▶ [Prompt]
Transcribe exactly, and only, the lines from the one containing "Spring awakening in Romashkovo photo" through the end of the entries below, leaving the pictures out.

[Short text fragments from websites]
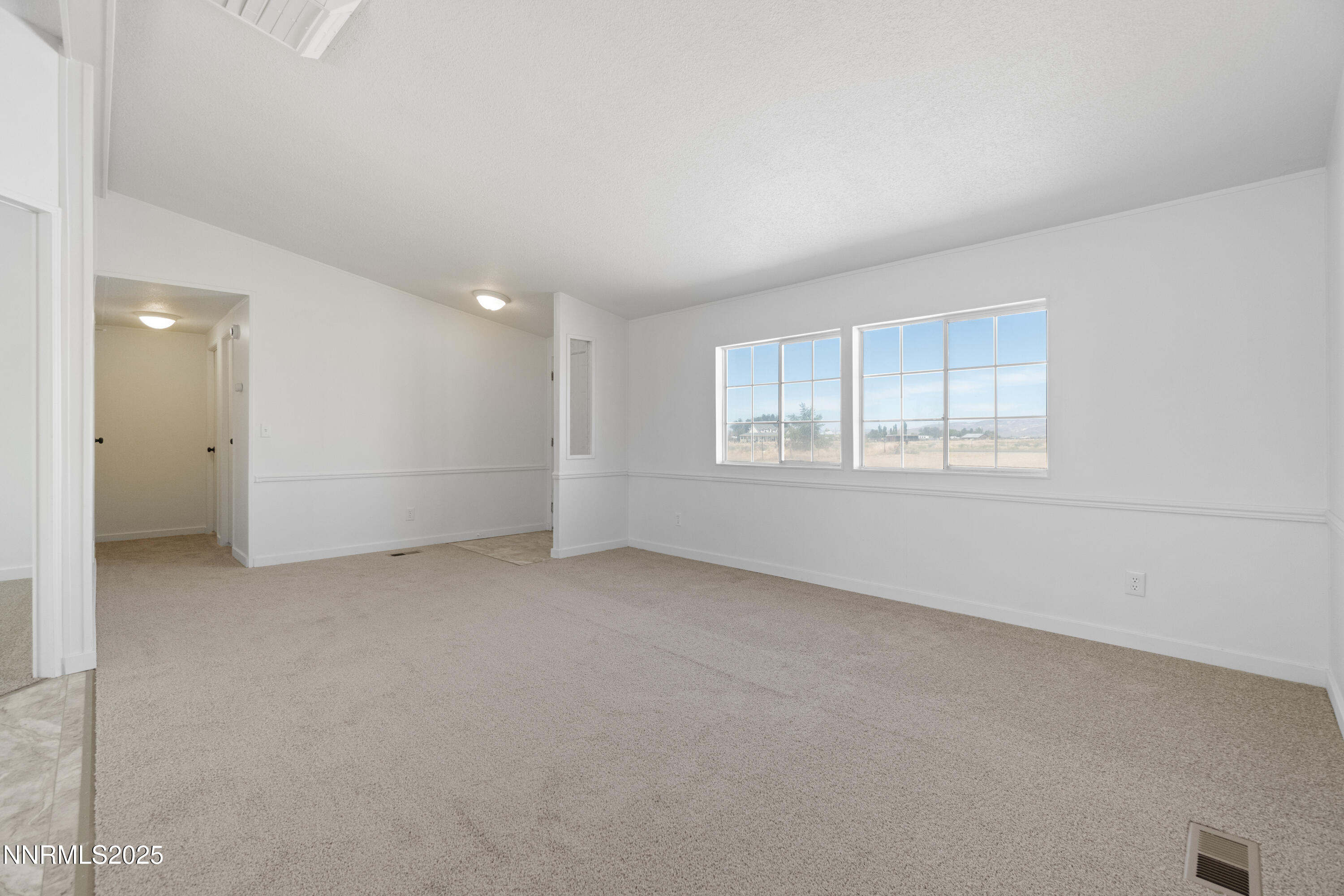 613 Pete Hendrichs Road Yerington, NV 89447 - Photo 7 of 28 DSC08959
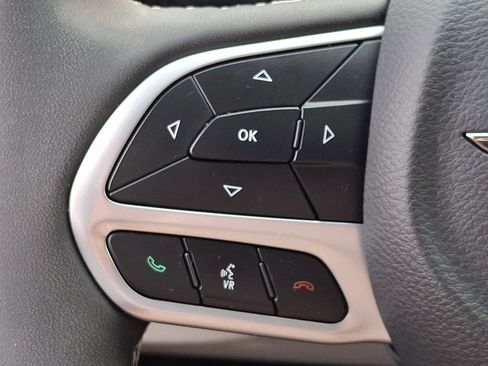 Used 2023 Chrysler Pacifica Limited FWD image 25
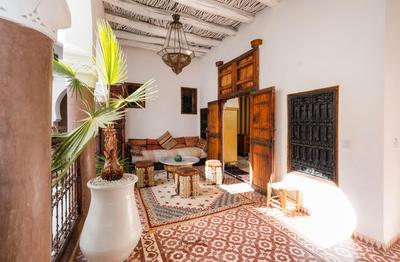 Riad Banafsaj - Exclusif - 20mn de Jamaa Al Fnaa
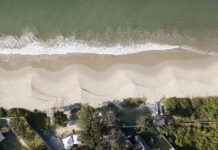 Guarda-vidas de Penha salvam a vida de homem que se afogava na Praia de Armação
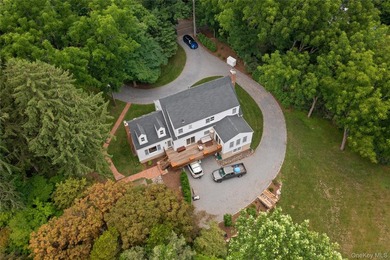 Welcome to this beautifully maintained 3,068 sq. ft. Colonial - photo 26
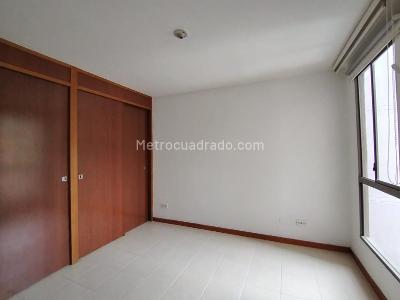Apartamento de 3 alcobas en arriendo en Camino Verde, Envigado, 68 m² · foto 11 de 16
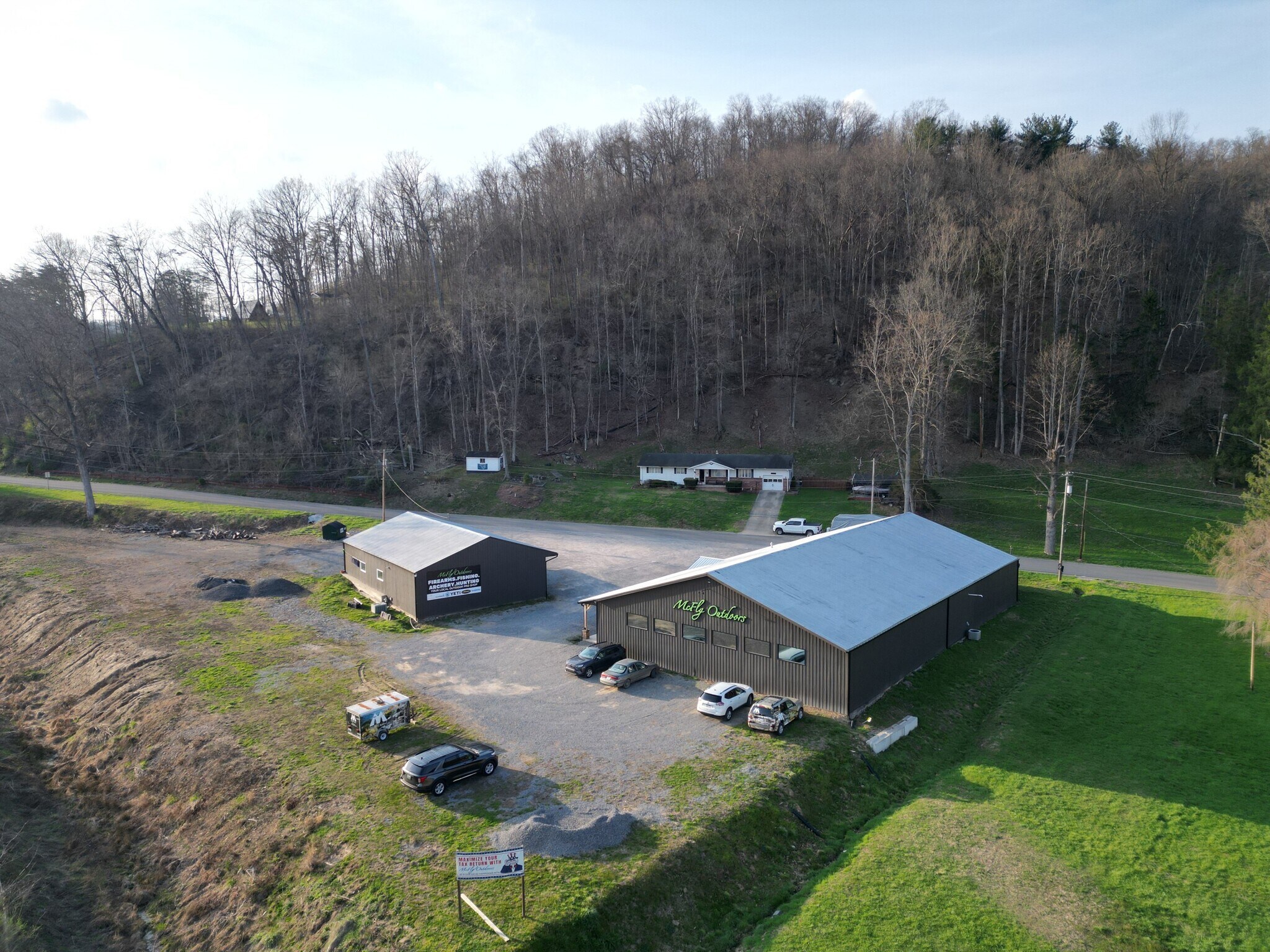 2774 Old Route 33, Horner, WV à louer Photo principale– Image 1 sur 7
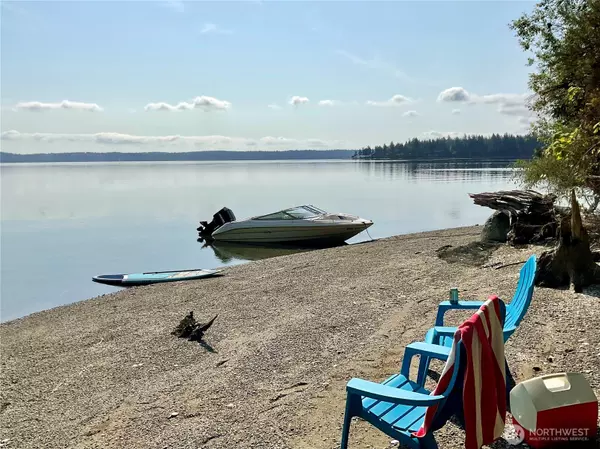 Grapeview, WA 98546,662 E Stadium Beach RD E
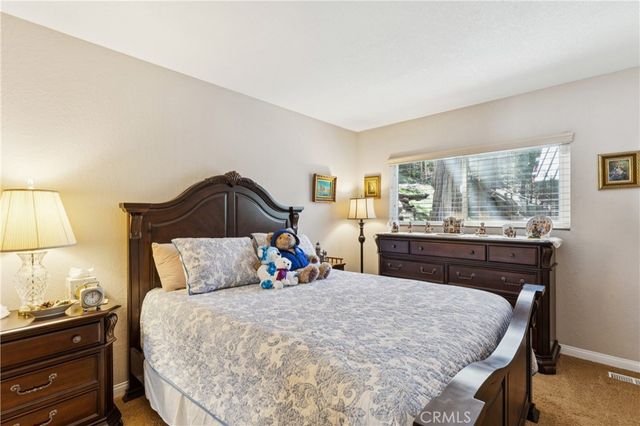 460 Pioneer Road, Lake Arrowhead, CA 92352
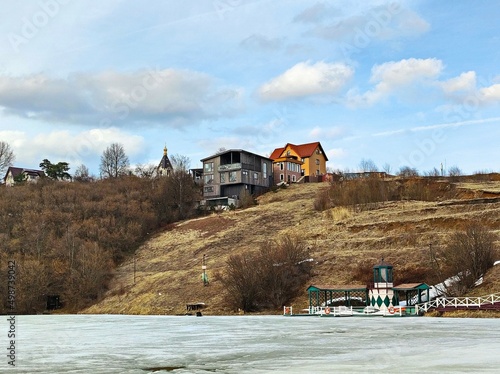 Spring awakening in Romashkovo photo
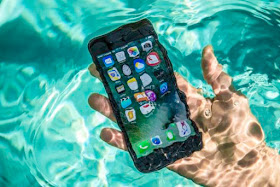 Ways To Save Your Phone When It Falls In Water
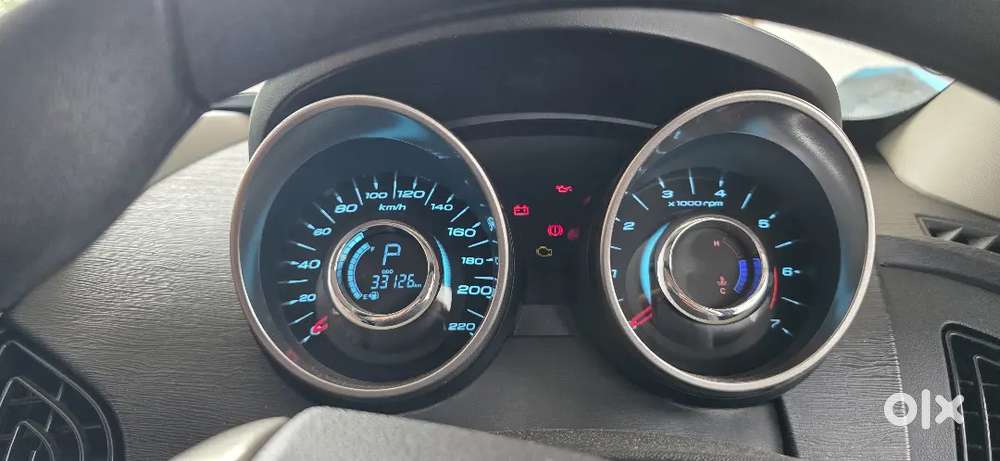 Mahindra Xuv500 2018 Diesel 33500 Km Driven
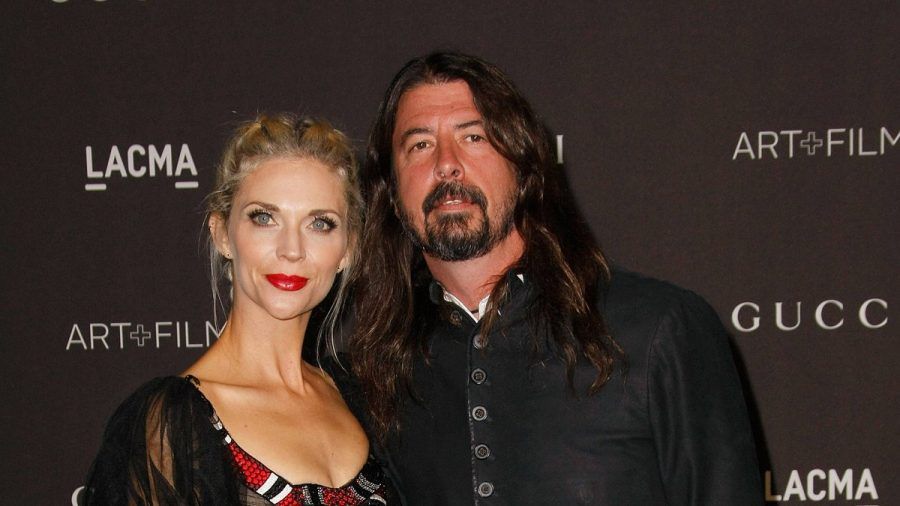 Jordyn Blum und Dave Grohl sind seit 2003 verheiratet und habe drei Kinder. (eyn/spot)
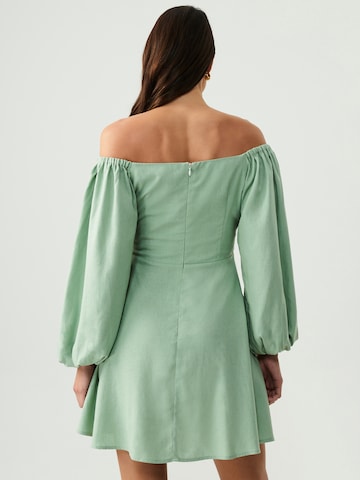 Sável Φόρεμα 'LEWIS' σε πράσινο: πίσω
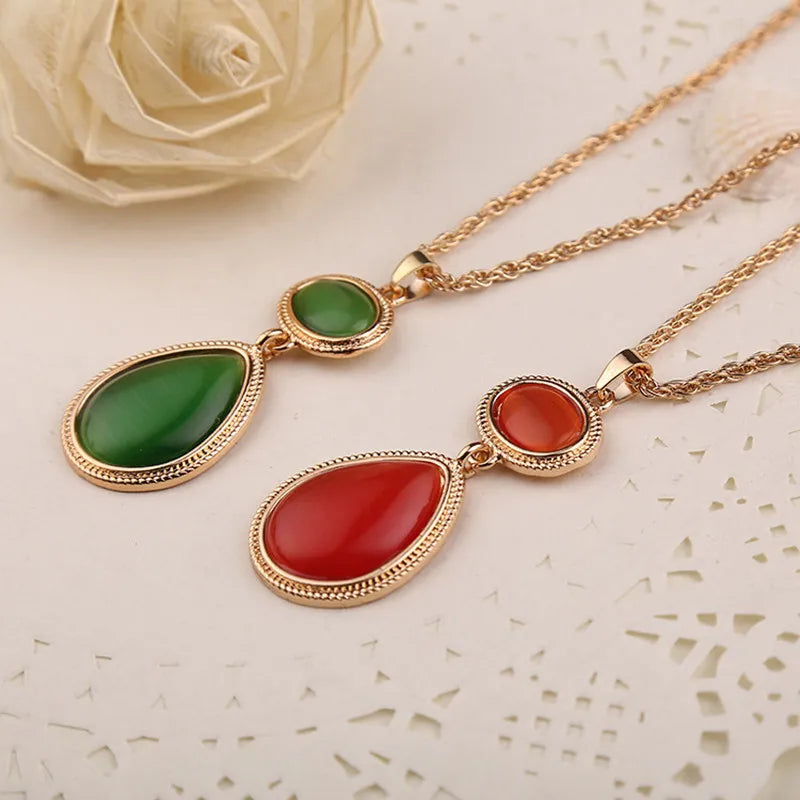 Verdeluxe East Necklace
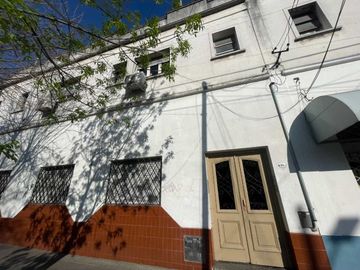 Venta Ph 2 ambientes A metros Av Belgrano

▶ [Response area]
 Spring awakening in Romashkovo photo
 Ways To Save Your Phone When It Falls In Water
 Mahindra Xuv500 2018 Diesel 33500 Km Driven
 Jordyn Blum und Dave Grohl sind seit 2003 verheiratet und habe drei Kinder. (eyn/spot)
 Sável Φόρεμα 'LEWIS' σε πράσινο: πίσω
 Verdeluxe East Necklace
 Venta Ph 2 ambientes A metros Av Belgrano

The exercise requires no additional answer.